If any task throws during execute(), the TaskRunner catches the error and:

  1. Sets task.status = FAILED
  2. Stores the error on task.error
  3. Aborts any child subgraphs
  4. Emits "error" and "status" events
  5. Re-throws the error to the caller

The TaskGraphRunner catches per-task errors and can abort the entire graph depending on the failure mode.

Timeout Support

Tasks support per-task timeouts via the timeout config property:

const task = new MyTask({ timeout: 5000 }); // 5 seconds

When the timeout elapses, the TaskRunner aborts the task and throws a TaskTimeoutError. The graph-level timeout option in TaskGraphRunConfig applies to the entire graph execution.
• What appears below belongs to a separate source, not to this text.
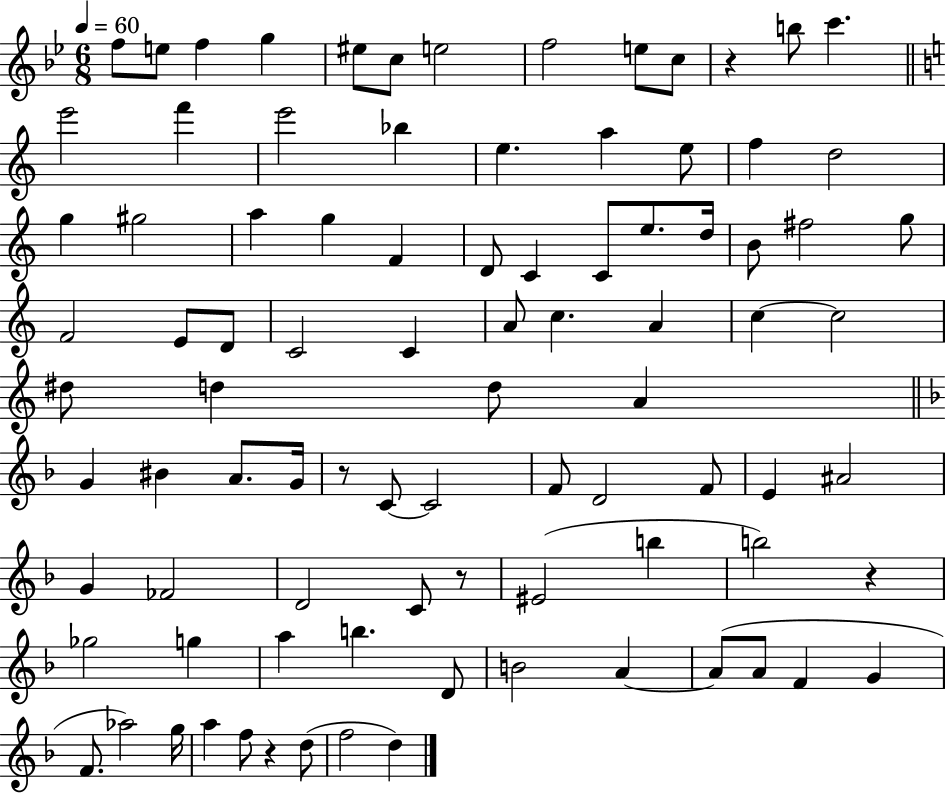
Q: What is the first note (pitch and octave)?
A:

Reactive Execution: runReactive()

Purpose

Reactive execution exists for UI previews and interactive feedback. When a user edits a task's input in a visual builder, the system calls runReactive() to propagate lightweight updates through the graph without running heavy computation.

Key characteristics:

  • Calls executeReactive() instead of execute()
  • Does not change the task's status (PENDING stays PENDING)
  • Output is temporary and mutable (not cached)
  • Only affects PENDING tasks; COMPLETED tasks return cached output unchanged
  • Must complete in under 1 millisecond per task

Task-Level Flow

TaskRunner.runReactive(overrides)
  |
  v
1. Guard: if status == PROCESSING, return existing output (no re-entry)
  |
  v
2. setInput(overrides)
   - Merge overrides into runInputData
  |
  v
3. Resolve config and input schema annotations
   - Same resolution as full run (models, repositories, etc.)
  |
  v
4. handleStartReactive()
   - Mark reactiveRunning = true (internal flag, no status change)
  |
  v
5. validateInput()
   - Validate against input schema
  |
  v
6. executeTaskReactive(input, output)
   - Call task.executeReactive(input, output, context)
   - Merge result with existing output: Object.assign({}, output, reactiveResult)
  |
  v
7. handleCompleteReactive()
   - Mark reactiveRunning = false
  |
  v
Return runOutputData (temporary, mutable)

Graph-Level Reactive Flow

The graph-level reactive execution has critical differences from the full run:

TaskGraph.runReactive(input, config)
  |
  v
TaskGraphRunner.runGraphReactive(input, config)
  |
  v
For each task in topological order:
  |
  v
  IF task.status == PENDING:
    1. task.resetInputData()             -- Reset to construction defaults
    2. copyInputFromEdgesToNode(task)     -- Pull from incoming dataflows
  ELSE (COMPLETED):
    Skip input modification              -- Output is locked, do not touch
  |
  v
  IF isRootTask (no incoming dataflows):
    taskInput = input                    -- Pass graph input to root tasks
  ELSE:
    taskInput = {}
  |
  v
  task.runReactive(taskInput)
  |
  v
  pushOutputFromNodeToEdges()            -- Push output to dataflows
  |
  v
Return results from ending nodes

The Less-Than-1ms Constraint

The executeReactive() method must be extremely fast. Its contract:

  • Target: Complete in under 1 millisecond
  • Allowed: Simple transformations, string formatting, preview generation
  • Forbidden: Network requests, file I/O, heavy computation, model inference
// CORRECT: Quick preview computation
async executeReactive(input, output, context) {
  return { ...output, preview: input.text.substring(0, 200) };
}

// INCORRECT: Heavy computation in reactive path
async executeReactive(input, output, context) {
  // This takes 30 seconds and violates the contract
  const result = await this.trainNeuralNetwork(input);
  return { result };
}

The default implementation simply returns the existing output unchanged:

async executeReactive(input, output, context) {
  return output;
}

Tasks that do not need preview updates can leave this default in place.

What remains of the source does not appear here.